◆ Supplied records
══════════
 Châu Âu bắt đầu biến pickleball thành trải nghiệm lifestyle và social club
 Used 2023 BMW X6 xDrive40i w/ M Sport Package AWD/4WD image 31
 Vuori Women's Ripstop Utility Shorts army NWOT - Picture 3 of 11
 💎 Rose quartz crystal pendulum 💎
══════════
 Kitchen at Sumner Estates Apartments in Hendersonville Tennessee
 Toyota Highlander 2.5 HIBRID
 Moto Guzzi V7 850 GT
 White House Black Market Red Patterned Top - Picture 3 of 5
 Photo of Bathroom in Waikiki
══════════
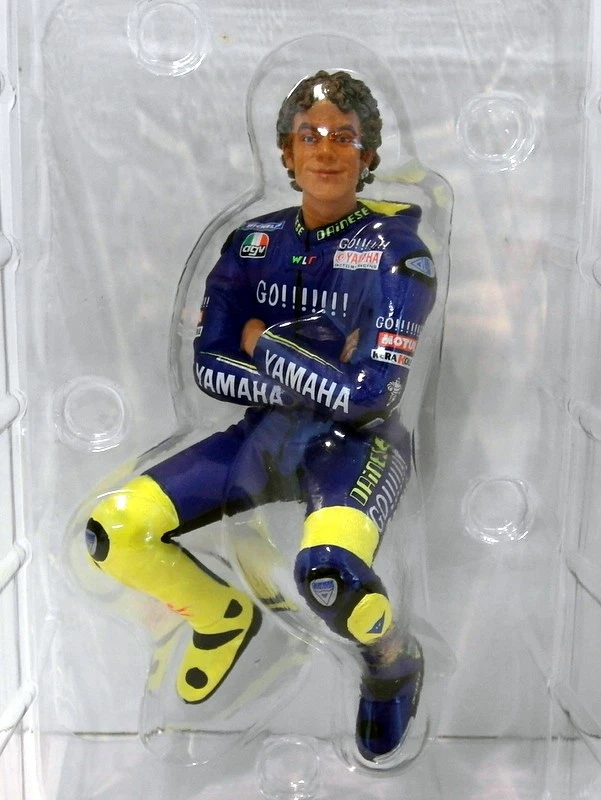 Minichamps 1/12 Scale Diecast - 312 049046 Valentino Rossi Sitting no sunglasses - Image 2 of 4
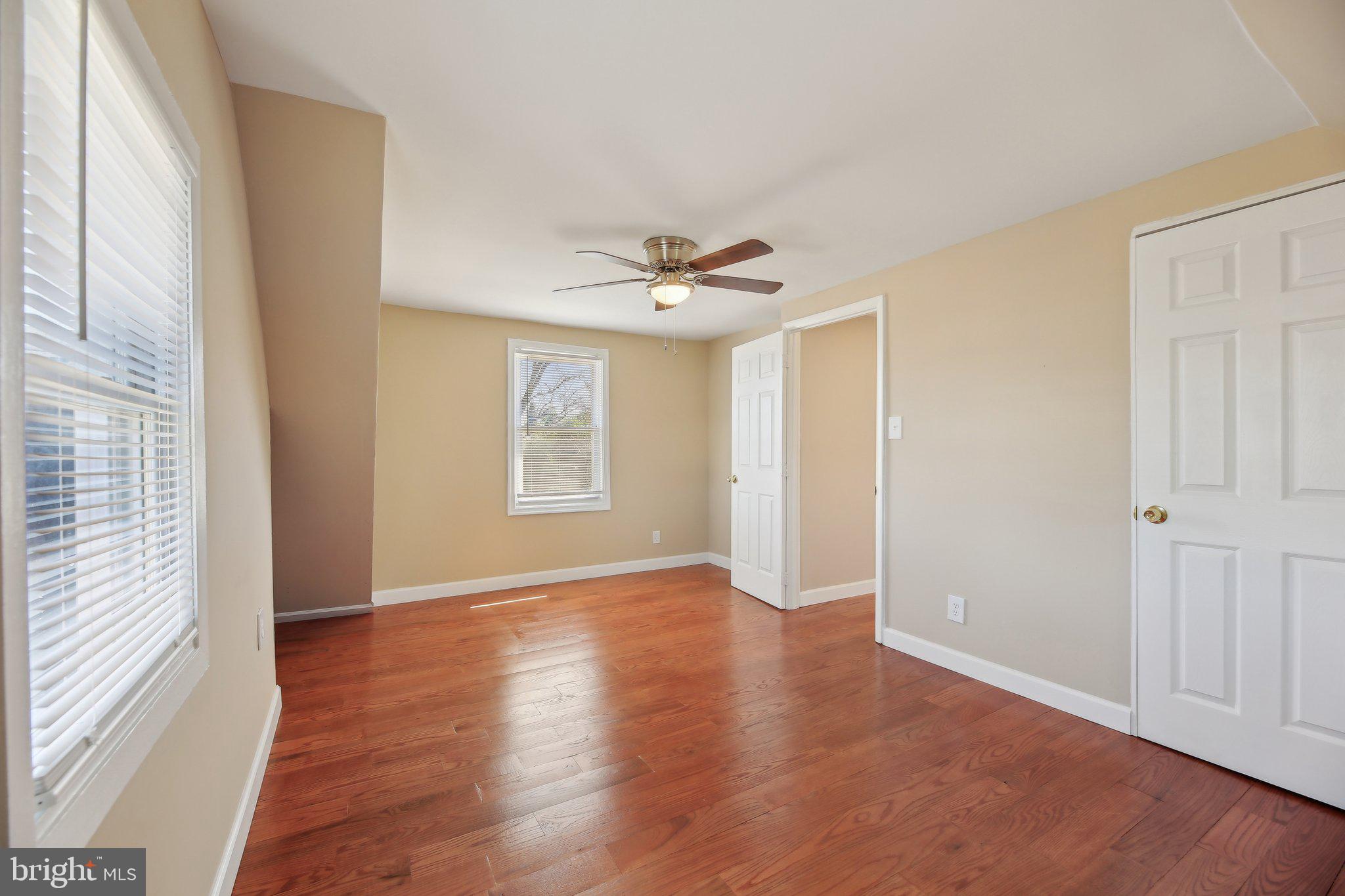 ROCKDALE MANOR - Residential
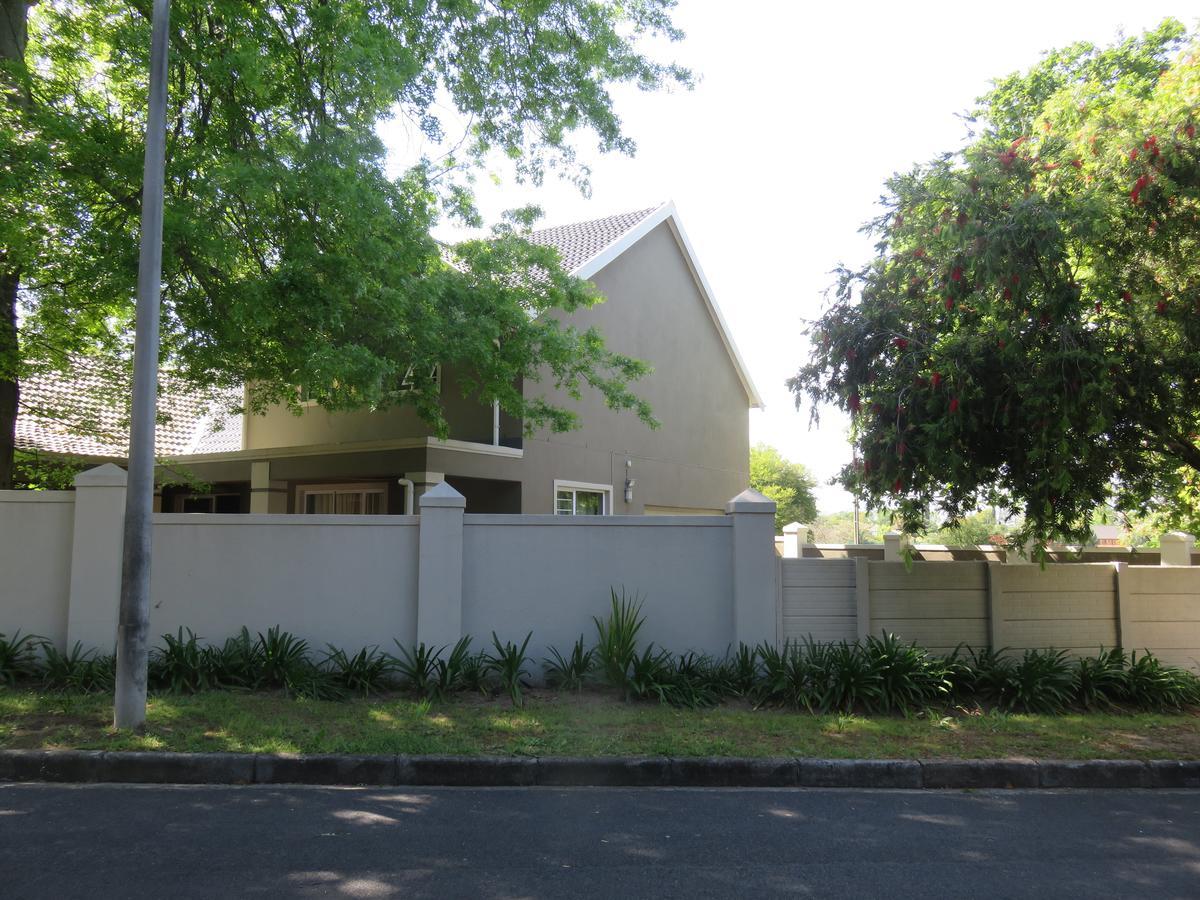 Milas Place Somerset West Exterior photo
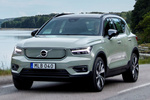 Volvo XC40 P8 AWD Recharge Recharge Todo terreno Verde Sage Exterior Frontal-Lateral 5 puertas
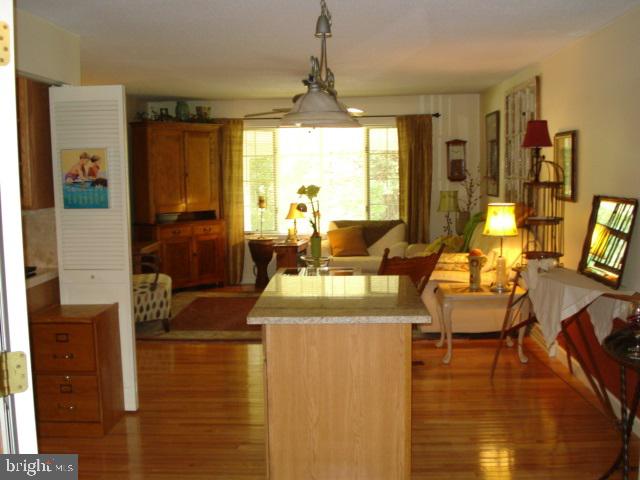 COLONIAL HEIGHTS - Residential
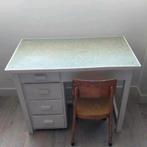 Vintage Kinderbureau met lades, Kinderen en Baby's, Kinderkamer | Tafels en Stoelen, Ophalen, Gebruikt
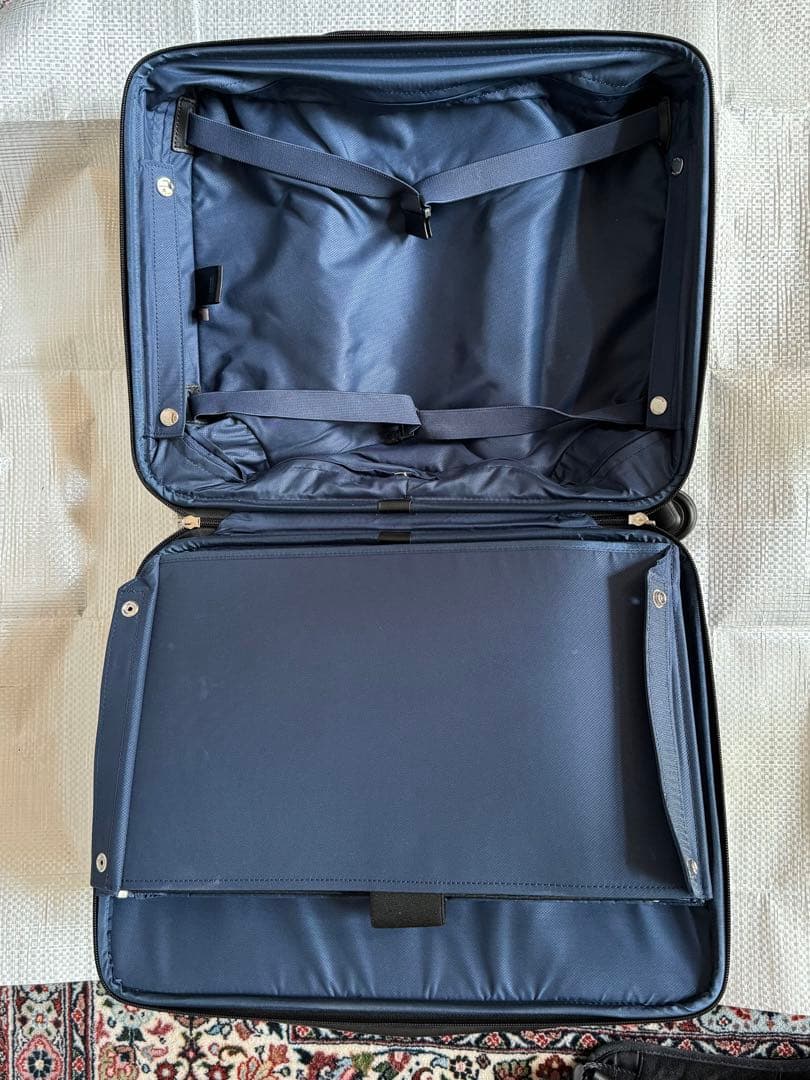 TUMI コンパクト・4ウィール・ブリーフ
══════════
◆ Task details
Look through the entries above and find each line where the word "Picture" occurs; copy those lines.

◆ Reply to the task
 Vuori Women's Ripstop Utility Shorts army NWOT - Picture 3 of 11
 White House Black Market Red Patterned Top - Picture 3 of 5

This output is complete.